Many panicked Democratic incumbents have been playing the rush-to-the-center game for months -- they all but pretend that they were in an undisclosed secure location when dastardly imposters cast unpopular congressional votes for the economic stimulus, health care reform and cap-and-trade energy legislation. But if Democrats cannot, in reality, hide from their records, then Republicans cannot ignore the potential wrath of the Tea Party movement and other conservative activists who consider compromise to be an anathema.
Primaries have given the Republicans many Senate nominees who are so unyieldingly conservative that they probably worry that making left turns at intersections might betray their principles. It is telling (and gleefully highlighted by Democrats) that the first TV ad sponsored by the independent expenditures arm of the National Republican Senatorial Committee was on behalf of Rand Paul in Kentucky. This is a state where Obama won only 41 percent of the vote in 2008 – and had establishment candidate Trey Grayson
corralled the GOP primary back in May, Kentucky would not be in play.

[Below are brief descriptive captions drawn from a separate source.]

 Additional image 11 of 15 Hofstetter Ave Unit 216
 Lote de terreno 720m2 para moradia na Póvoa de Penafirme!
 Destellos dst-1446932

Mid-September primaries -- God's gift to incumbents -- make it hard for challengers to pivot for the November campaign. With just seven weeks until the midterm election, it is nearly impossible for O'Donnell to air brush away the scars from the scorched-earth primary campaign -- especially the charges that she has been living off campaign donations
and her inaccurate claims about her college graduation (she finally received her degree from Fairleigh Dickinson University just two weeks ago). The Delaware contest for the seat held for more than three decades by Joe Biden may prompt more discussion of the fervor of O'Donnell's opposition to all forms of teenage sexuality
than, say, her critique of Obama's health care legislation.

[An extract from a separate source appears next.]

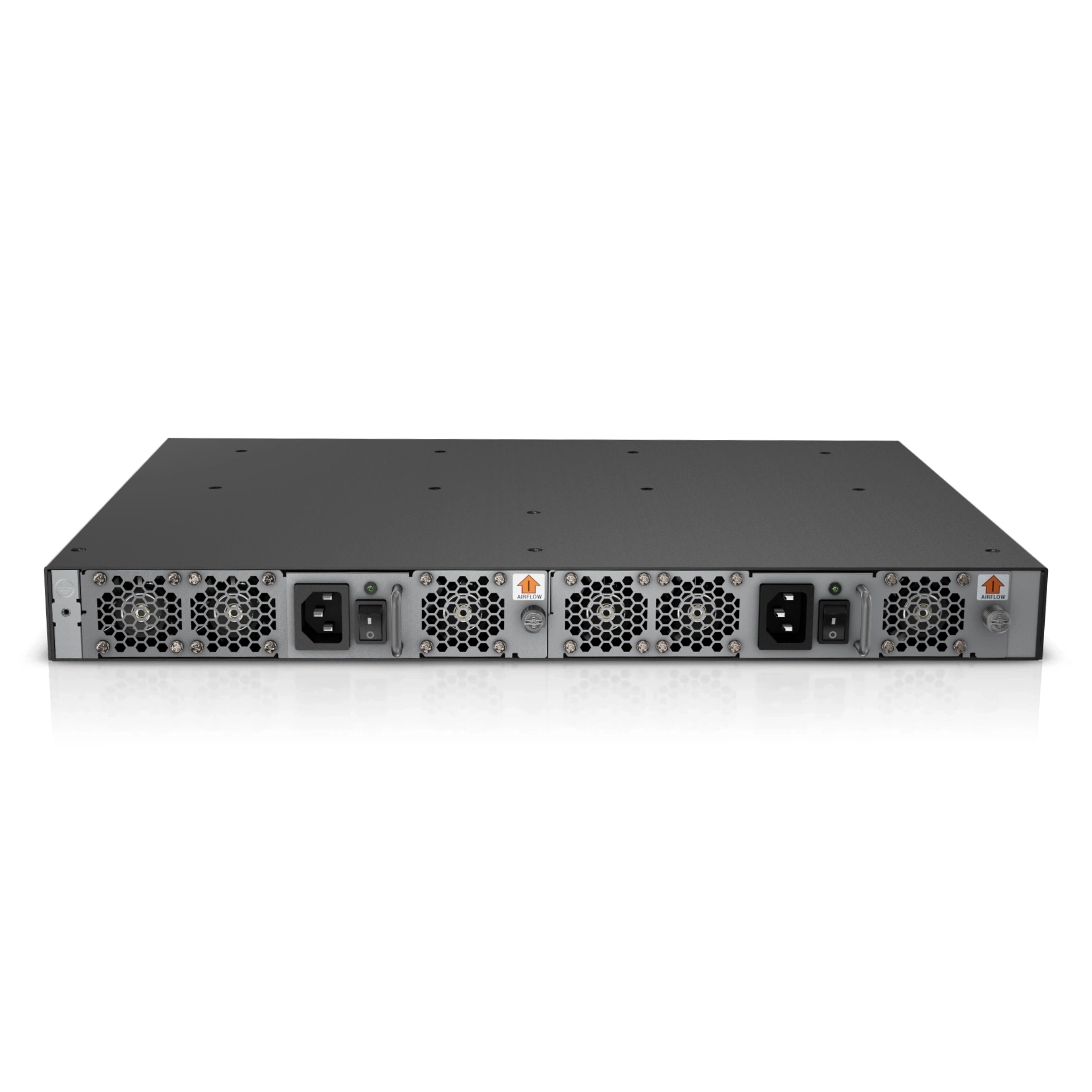 Conmutador de almacenamiento Lenovo Thinksystem dB620s 32GB FC San conmutador Brocade Interruptor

Party leaders -- who have a traditional interpretation of electability based on fundraising prowess, poll numbers and insider pedigree -- are not always omniscient. New Hampshire voters Tuesday chose a Republican (the slow count was still unfinished as of Wednesday morning) to take on vulnerable two-term liberal Democratic Rep. Carol Shea-Porter. In 2006 Rahm Emanuel, then at the helm of the Democratic Congressional Campaign Committee, publicly rebuffed Shea-Porter's candidacy and put the muscle of the national party behind one of her primary opponents. Not only did Shea-Porter defeat her DCCC-anointed opponent in the primary, but she also confounded the experts by knocking off a GOP incumbent in November.
Most political theories (and I am borrowing an early 1990s insight from journalist and friend Alan Ehrenhalt
) focus on the attitudes and the demands of voters. But the supply side of the equation -- the characteristics and beliefs of the candidates themselves -- often get lost in these abstract models.

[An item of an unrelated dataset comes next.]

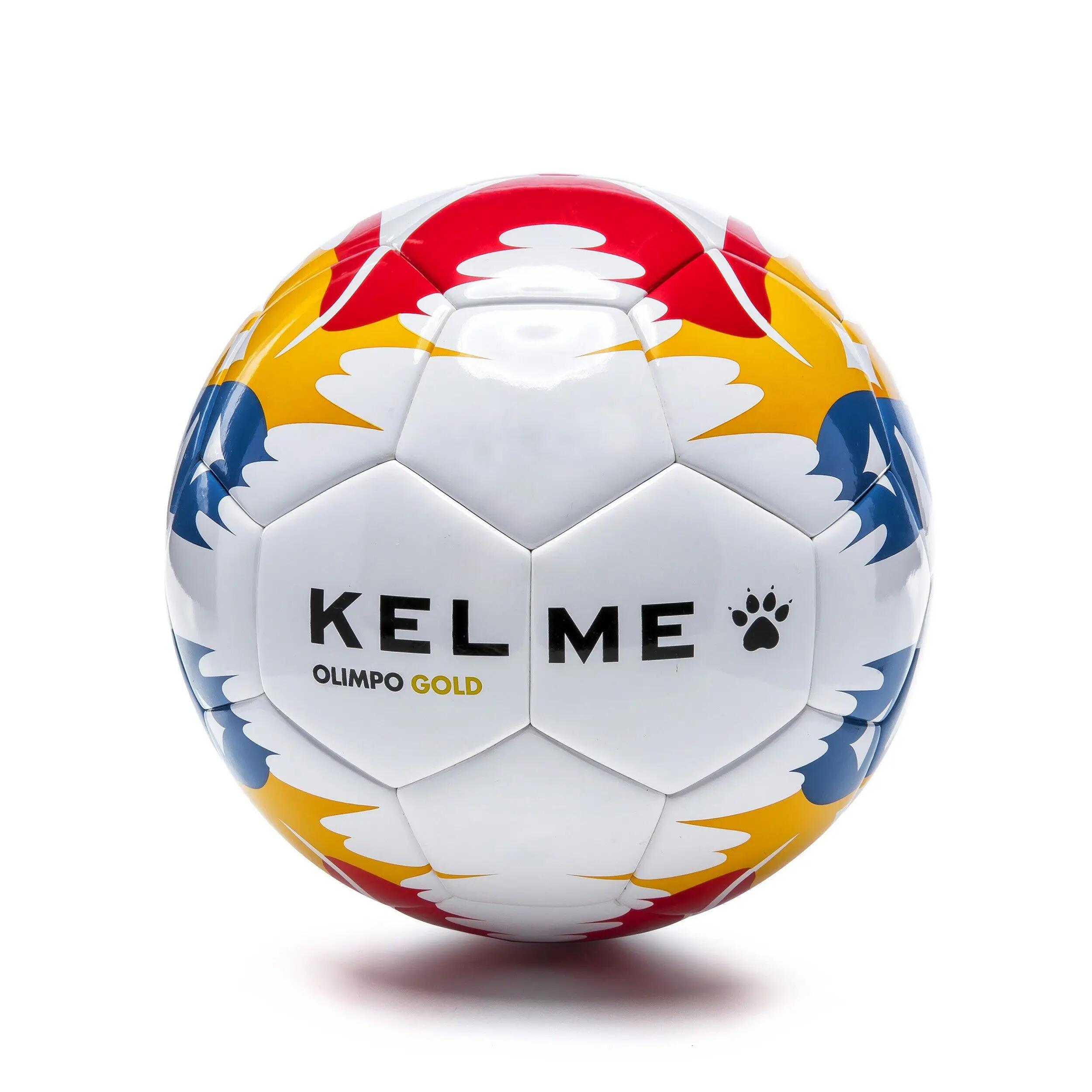 KELME picture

For all the fire and fury directed at the Obama White House and the Democratic congressional majorities, Republican primary voters have made their path to victory in November that much more difficult by nominating idiosyncratic Senate candidates like Christine O'Donnell, Rand Paul and, yes, Sharron Angle in Nevada. Such ideologically intense GOP nominees promise to fiercely challenge the mores of Washington -- but first they have to get past the voters in the muddled middle in November.